### MATERIALS PROVIDED

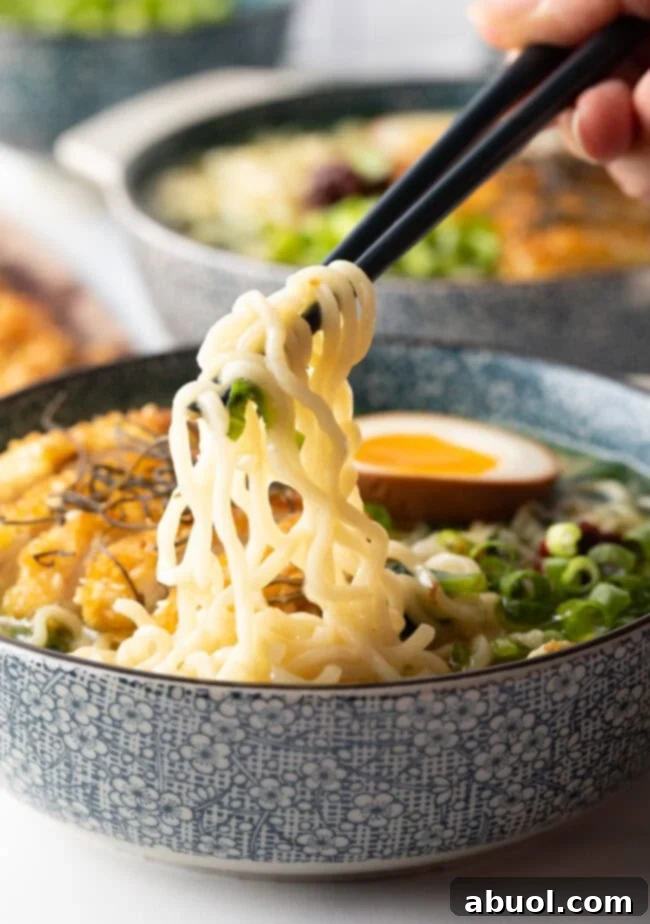 A hand holding chopsticks, lifting tender noodles from a generously filled soup bowl of chicken katsu ramen, enticingly garnished.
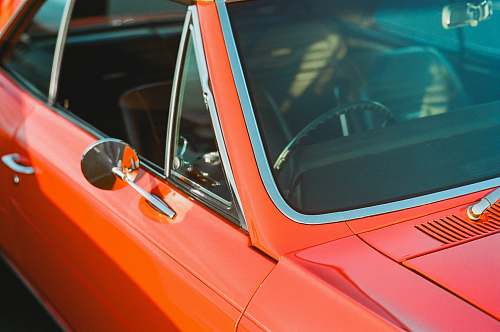 car orange coupe vehicle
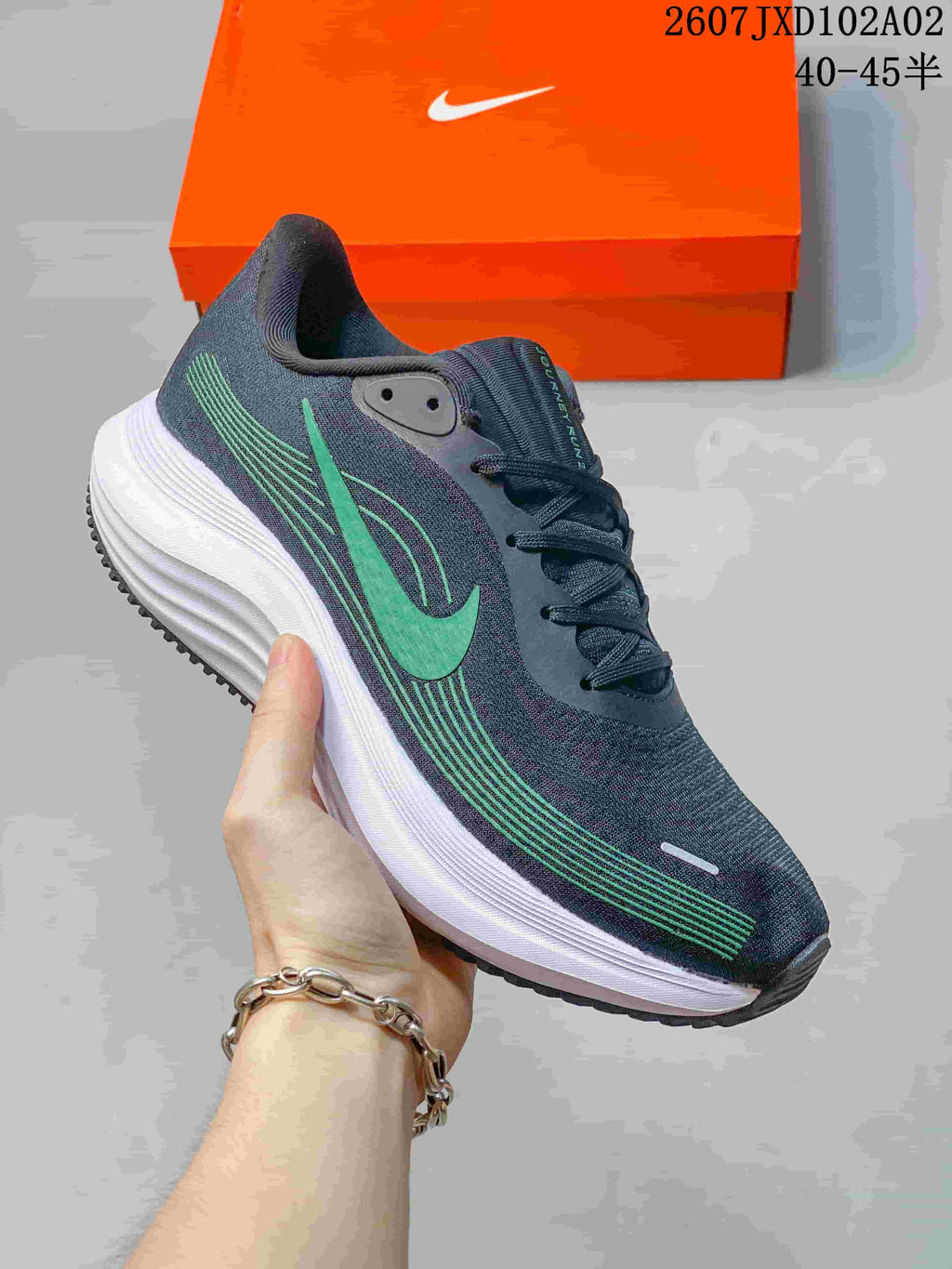 Close-up of a charcoal running shoe with teal side graphics and a white midsole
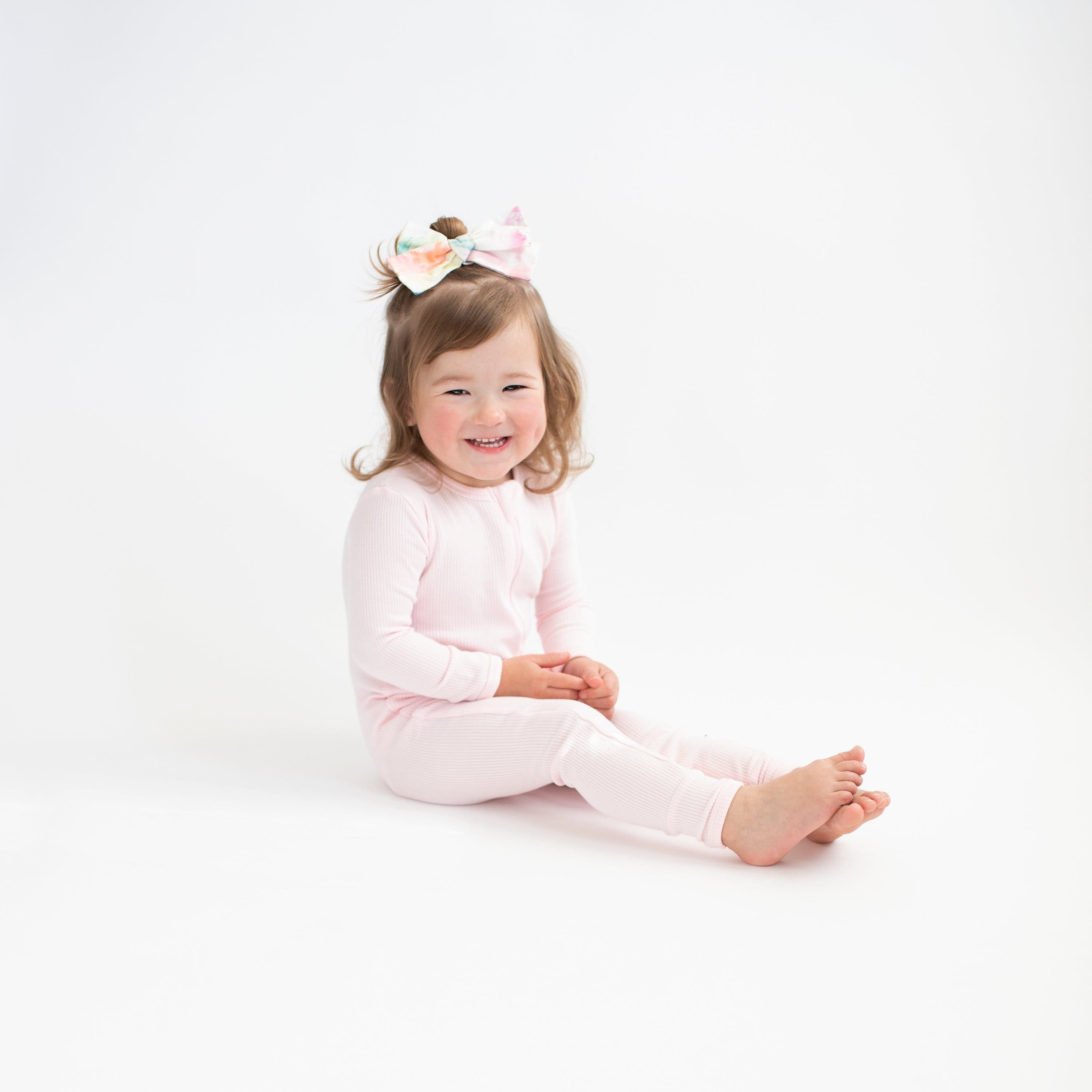 Toddler wearing Kyte Baby Ribbed Zippered Romper pajamas in Sakura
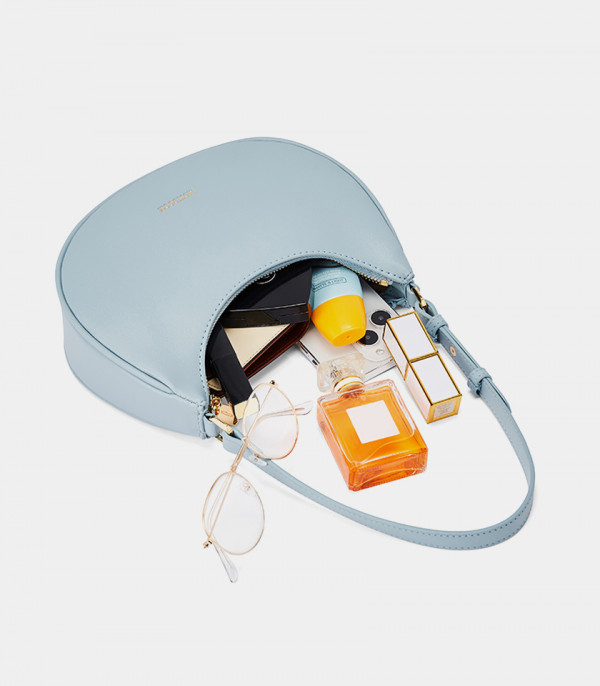 MOSSDOOM Kattie sky blue hobo bag open with items to show its capacity.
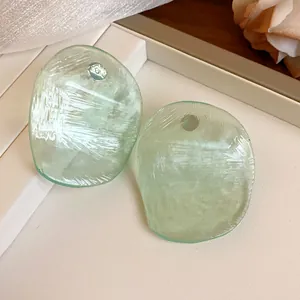 Macro view of light green translucent shrimp chip earrings with textured finish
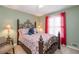 Relaxing bedroom featuring decoratively patterned bedding, an ornate headboard and warm paint at 4801 Deer Chase, Powder Springs, GA 30127
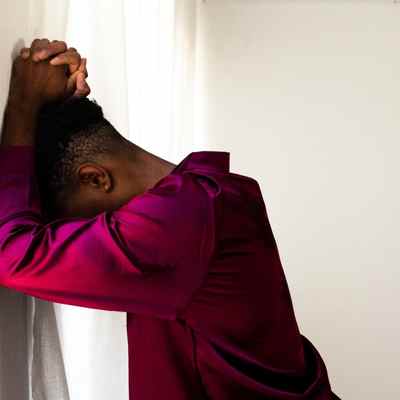 A Black woman stands with her head and arms against a wall, overwhelmed with her trauma A Black woman stands with her head and arms against a wall, overwhelmed with her trauma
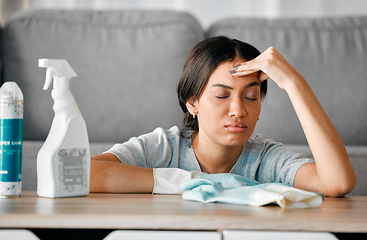 Image showing Headache, cleaning stress and tired black woman cleaner feeling burnout from housekeeping. Home, dust cloth and fatigue of house worker with hygiene products for furniture in a living room lounge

### WHAT TO WORK ON
All that is required is the lines from the line containing "Relaxing bedroom featuring" through the end of the records above, copied exactly, and none of the pictures.

### REPLY
 Relaxing bedroom featuring decoratively patterned bedding, an ornate headboard and warm paint at 4801 Deer Chase, Powder Springs, GA 30127
 A Black woman stands with her head and arms against a wall, overwhelmed with her trauma A Black woman stands with her head and arms against a wall, overwhelmed with her trauma
 Image showing Headache, cleaning stress and tired black woman cleaner feeling burnout from housekeeping. Home, dust cloth and fatigue of house worker with hygiene products for furniture in a living room lounge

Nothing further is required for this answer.